§ Task instructions
Excluding pictures, retype the line with "Room #35666125 image 3" and each line that follows it to the end of the data below, word for word.

Crawled caption data:
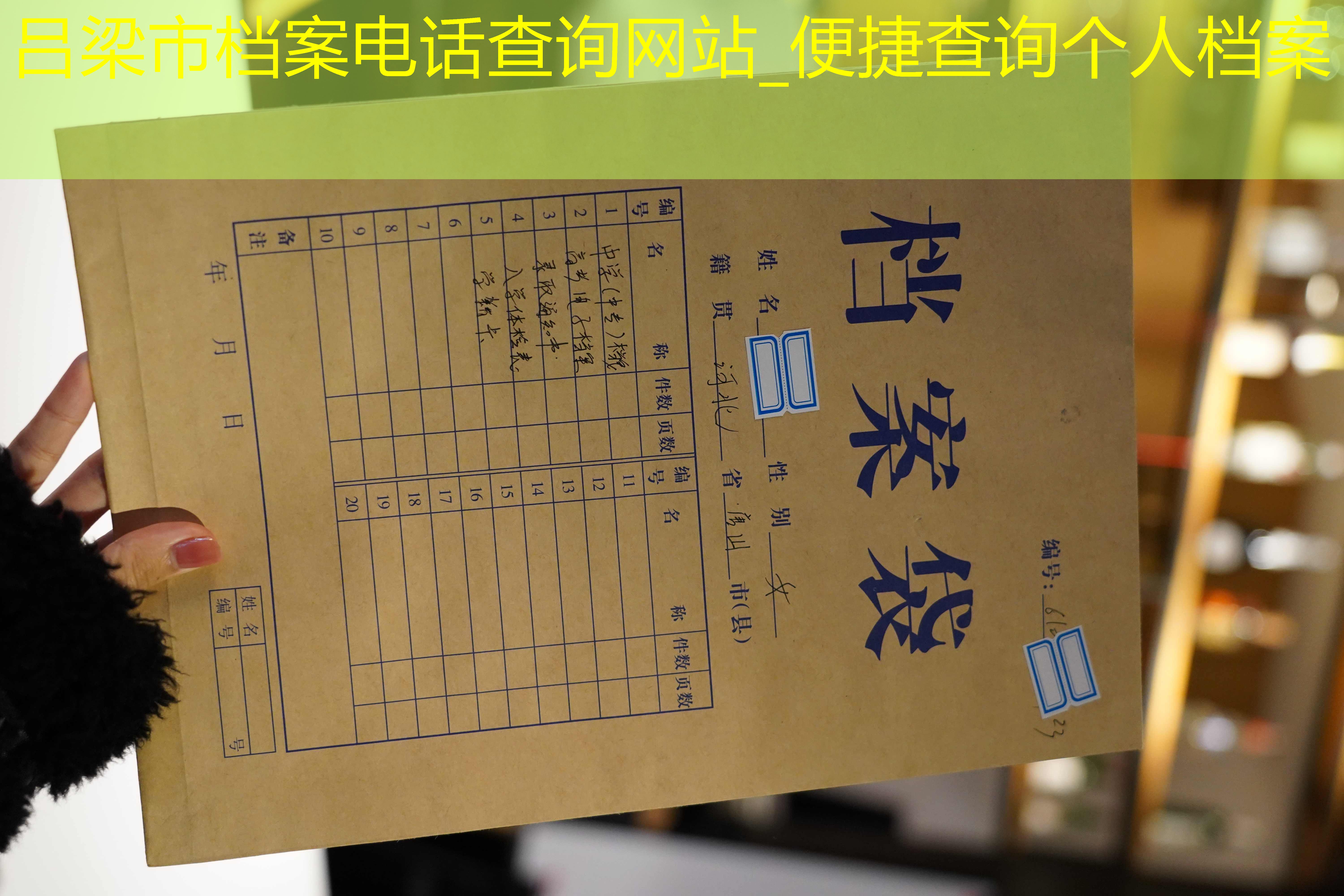 档案查询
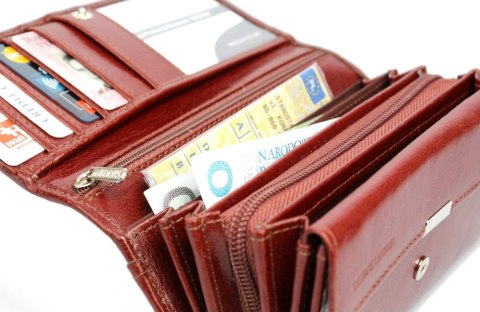 Portfel Damski ANDRUS (PL) Długi Max Na Suwak Skóra Naturalna Licowa Bardzo Wygodny I Wytrzymały RFID 17 x 9 x 4 [cm]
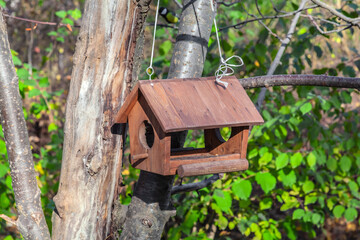 Bird feeder and squirrels on a tree in an autumn park. A wooden birdhouse hangs on a tree trunk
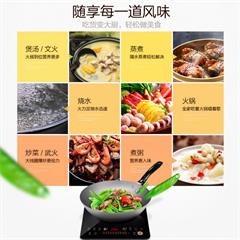 美的/Midea 电磁炉 RT2170 2100W 触摸式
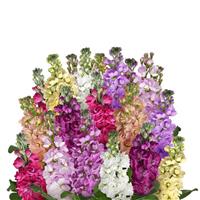 Column Stock Formula Mixture Bloom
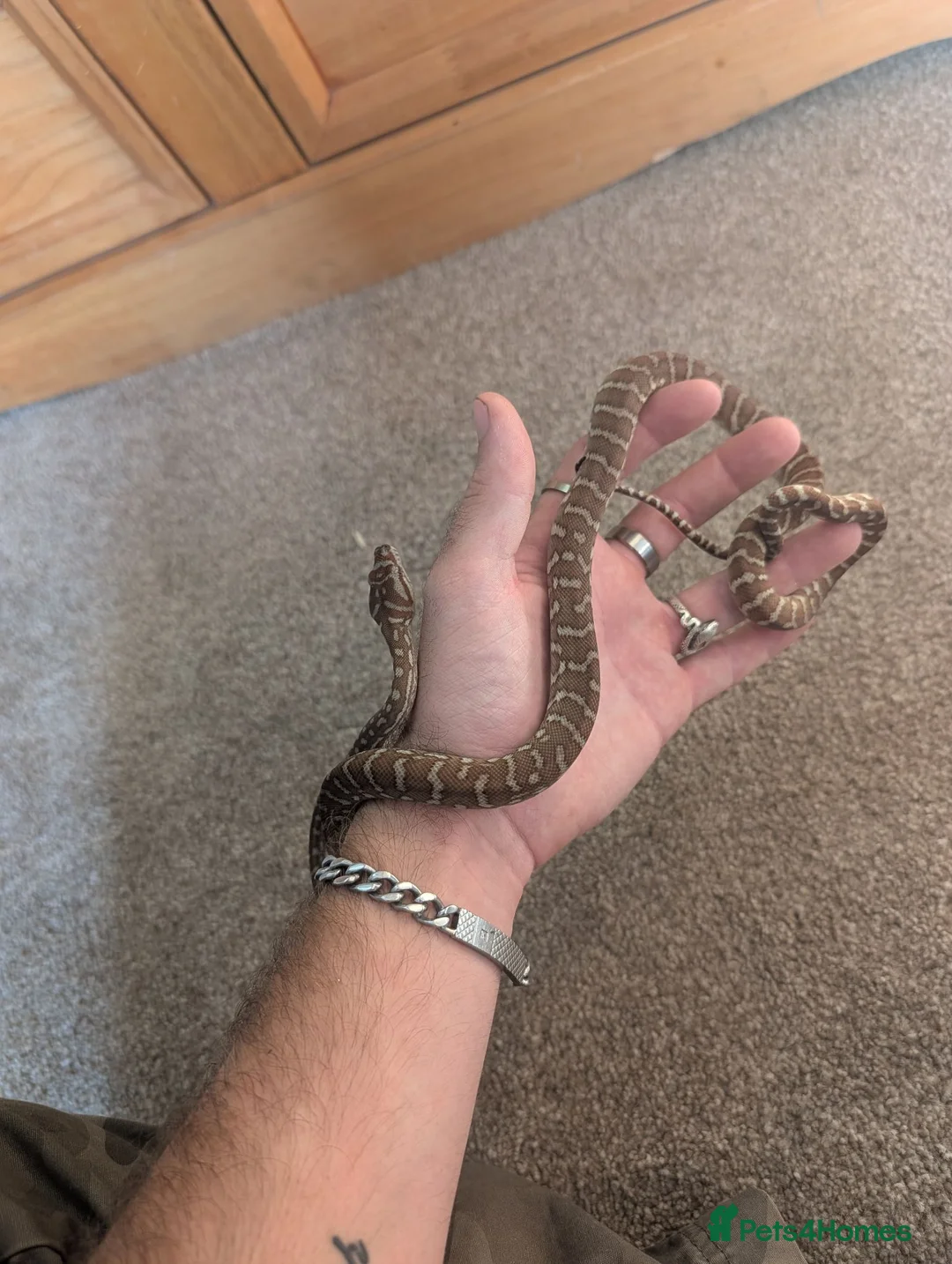 Python Snake reptiles for sale: Centralian Carpet Python - Advert 2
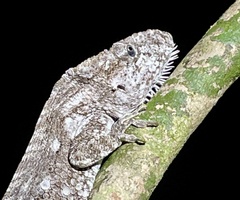 Anolis chamaeleonides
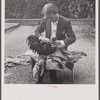 Trainer trimming fighting cock. Puerto Rico.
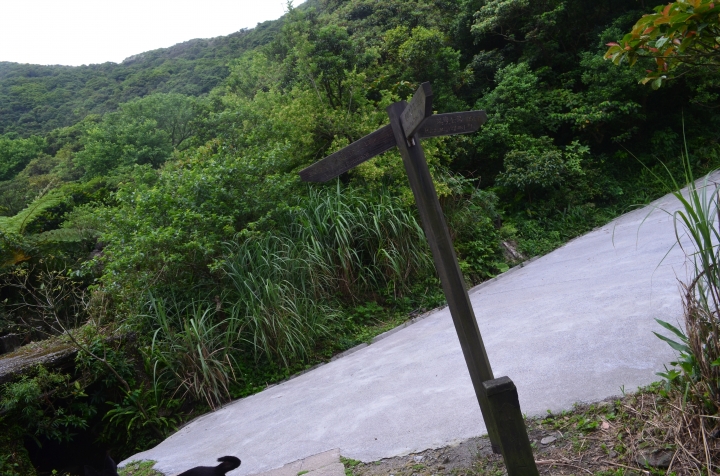 《登山輕漫遊》瑞芳猴硐大粗坑古道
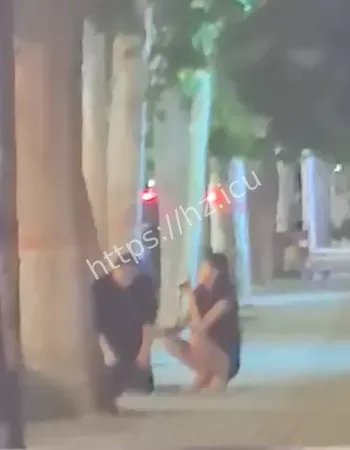 视频全网刷屏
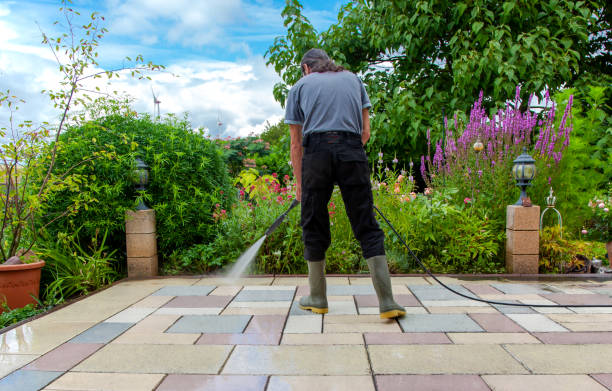 Best Restaurant Pressure Washing  in Williston Highlands, FL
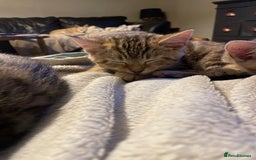 Bengal cats for sale: Cute and fluffy half Bengal kittens  - Image 17
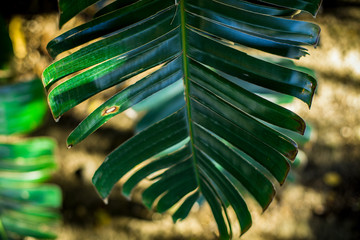 Palm leaf. Patterns and texture of palm leaves. Macro.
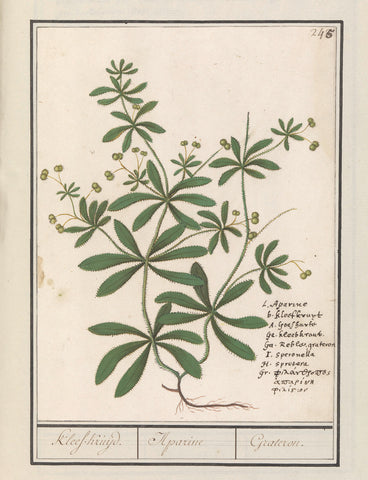 Cleaver (Galium aparin), Anselm Boëtius de Boodt, 1596 - 1610 Canvas Print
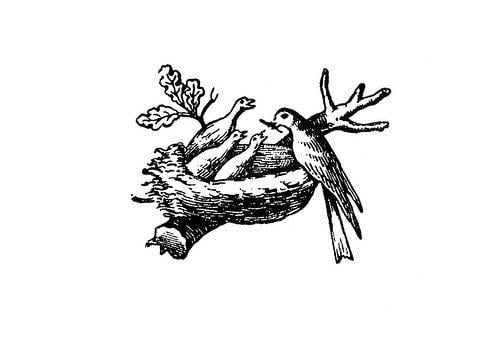 Bird Nest Logo - The Nestlé logo evolution. Nestlé Global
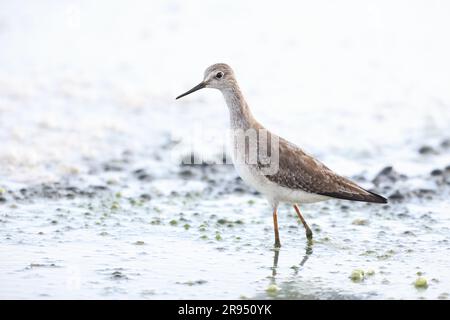 Kleine Yellowlegs (Tringa flavipes) in Jamaika Stockfoto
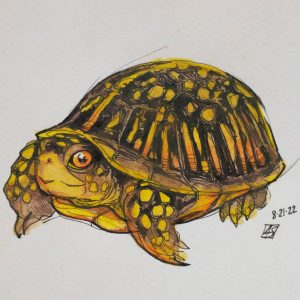 Sketch of an Eastern box turtle by Ayley Shortridge.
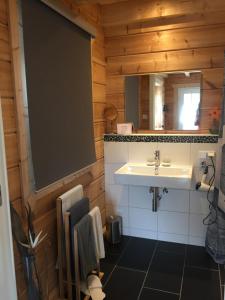 a bathroom with a sink and a mirror at Ferienwohnung Grünebach in Grünebach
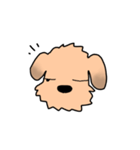 表情で語る わん吉（個別スタンプ：17）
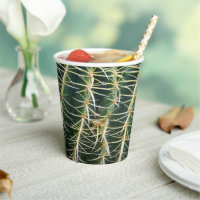 Cactus Funny Uncomfortable Needles Arid Plant Pape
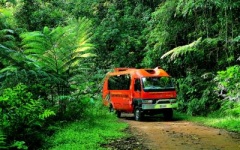 Down Under Tours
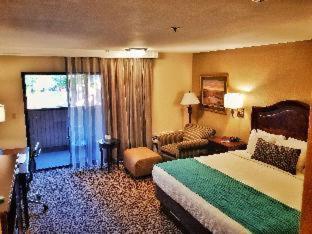 Room #35666125 image 3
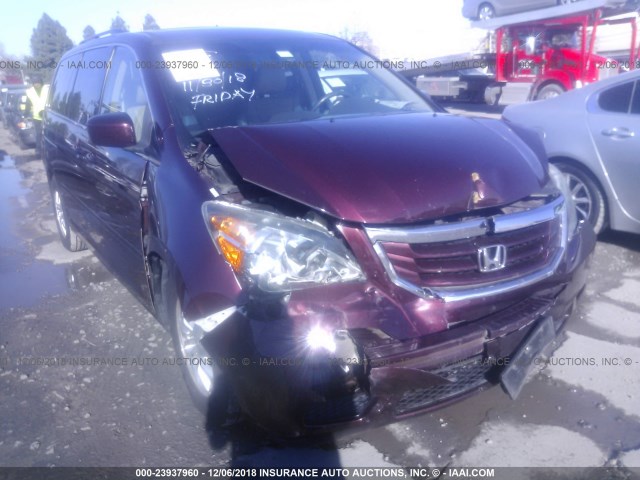 5FNRL386X8B419494 - 2008 HONDA ODYSSEY EXL BURGUNDY photo 1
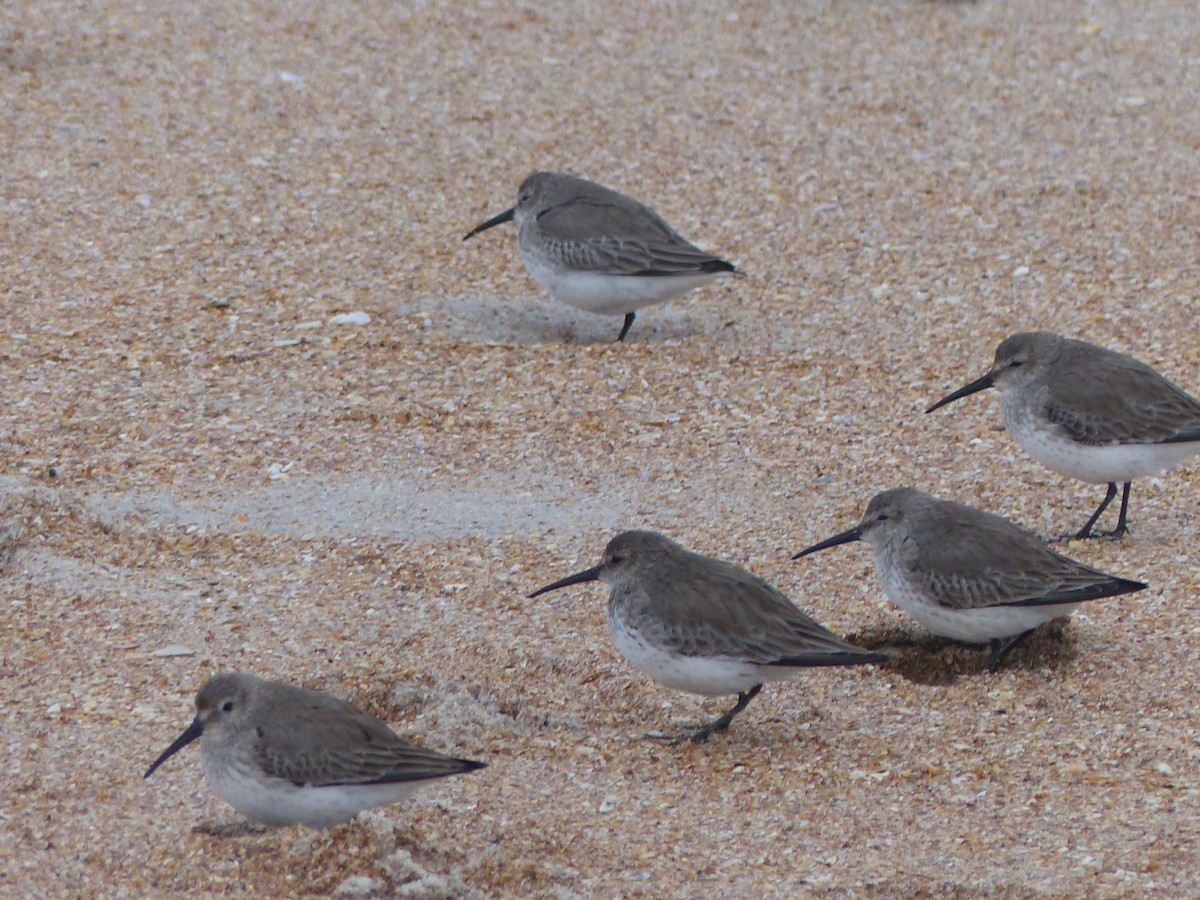 Dunlin - ML412169391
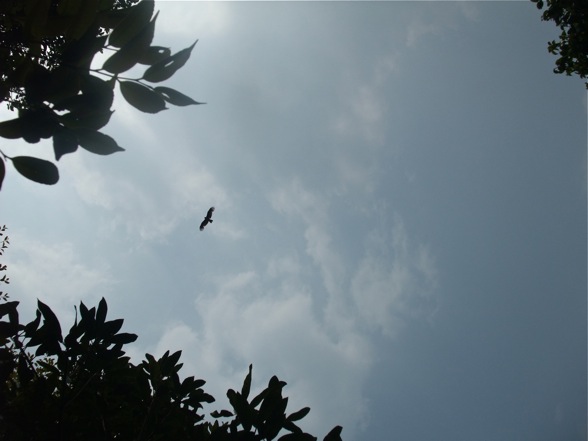 DSCF7527.jpg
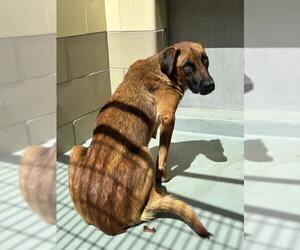 German Shepherd Dog-Unknown Mix Dogs for adoption in Riverside, CA, USA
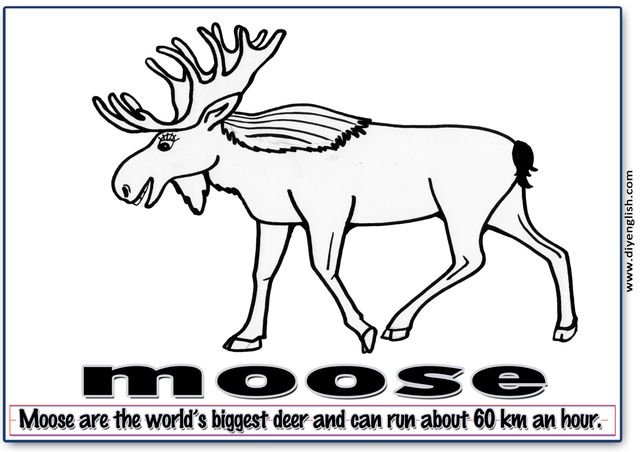 moose – Word & fun-fact sentence flashcard
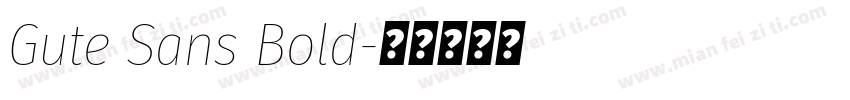 Gute Sans Bold字体转换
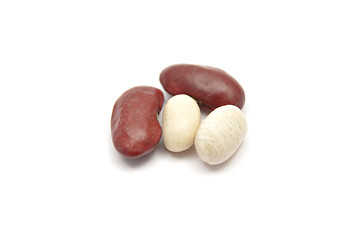 Image showing Detailed but simple image of legumes on white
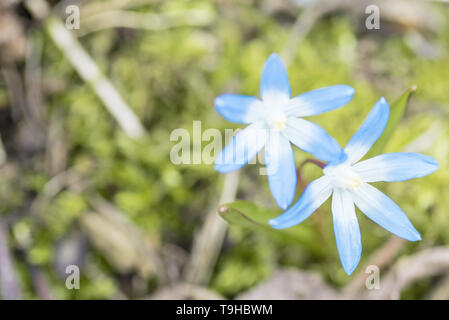 Blühende Blumen - schöne Blume auf bokeh Hintergrund isoliert Stockfoto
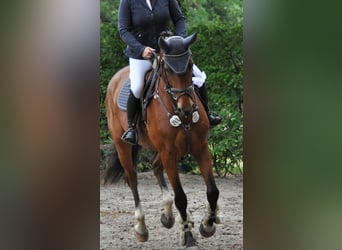 Zangersheide, Merrie, 5 Jaar, 170 cm, Bruin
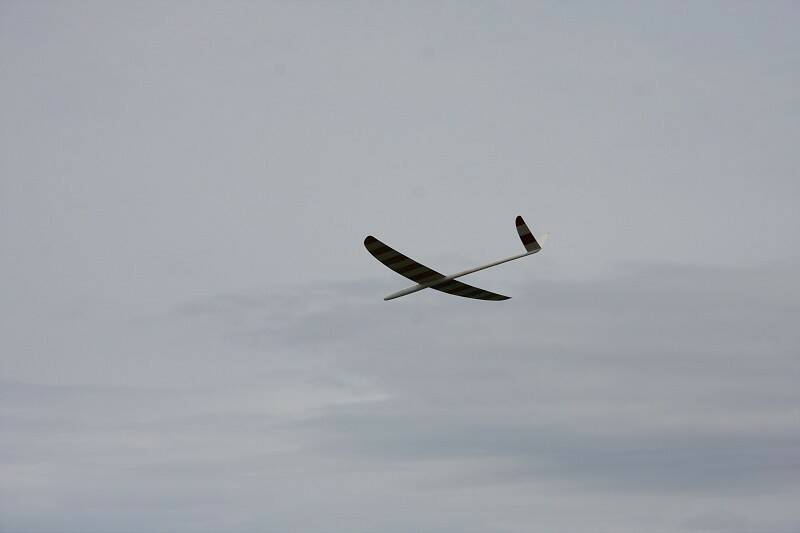 IMG_7761-800.jpg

§ The answer
 Room #35666125 image 3
 5FNRL386X8B419494 - 2008 HONDA ODYSSEY EXL BURGUNDY photo 1
 Dunlin - ML412169391
 DSCF7527.jpg
 German Shepherd Dog-Unknown Mix Dogs for adoption in Riverside, CA, USA
 moose – Word & fun-fact sentence flashcard
 Gute Sans Bold字体转换
 Image showing Detailed but simple image of legumes on white
 Blühende Blumen - schöne Blume auf bokeh Hintergrund isoliert Stockfoto
 Zangersheide, Merrie, 5 Jaar, 170 cm, Bruin
 IMG_7761-800.jpg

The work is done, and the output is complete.